Os péssimos serviços prestados pela Câmara de Dirigentes Lojistas (CDL) de Porto Velho referente a iluminação natalina da cidade, que já eram alvos de críticas e questionamentos de populares e de políticos, passou a ser mais uma dor de cabeça ao prefeito Mauro Nazif (PSB), que foi oficialmente comunicado para que se abstenha de realizar qualquer pagamento referente a esse processo, que nem teve licitação, decidiu o conselheiro Wilber Carlos Dos Santos Coimbra, do Tribunal de Contas do Estado. Na decisão, ele faz um simples questionamento diante da ausência de licitação. “Qual a inviabilidade de licitação no presente caso?”, para responder em seguida: “Ora, em princípio, não há!

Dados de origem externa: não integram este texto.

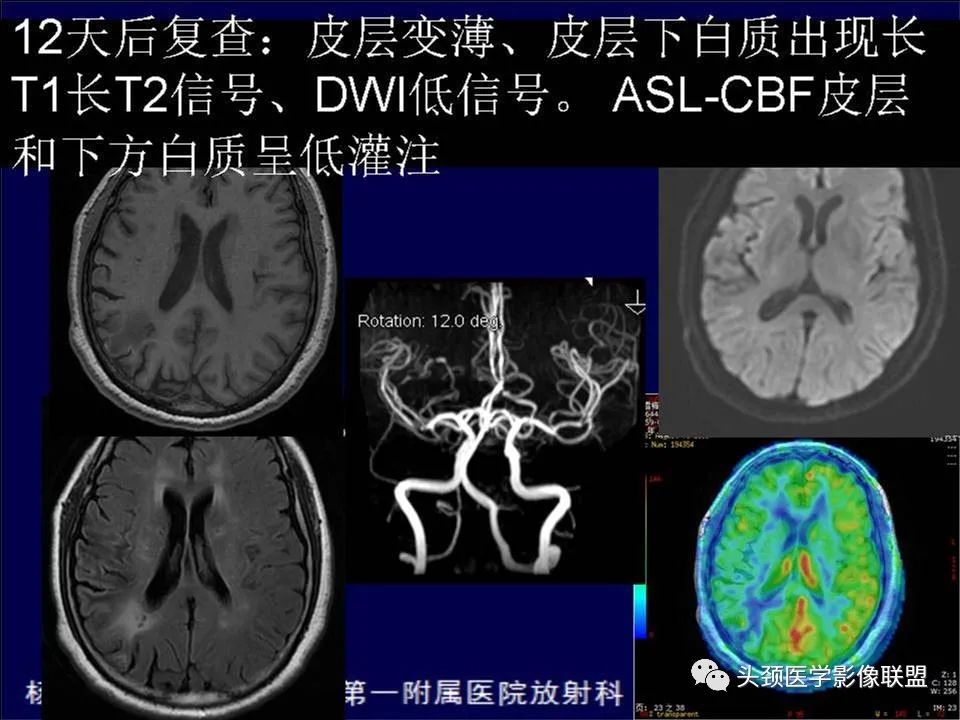 【PPT】脑皮层病变的MRI表现-5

Aliás, é de conhecimento público que o Natal é celebrado há mais de 2000 (dois mil anos), sendo sempre, em 25 de dezembro. Ademais, como dito, deve haver empresas outras com capacidade singular à CDL, ainda que na qualidade de beneficiária de convênio, pois, não se sabe ao certo como o prestador dos serviços de iluminação natalina decorativa foi contratado para tal. Assim, ante a possibilidade de eventual burla à legislação de regência, a edição de tutela ex officio é medida que se impõe, no momento, haja vista o poder-dever de atuação incontinenti com a finalidade única de evitar lesão ao erário.”, determinou.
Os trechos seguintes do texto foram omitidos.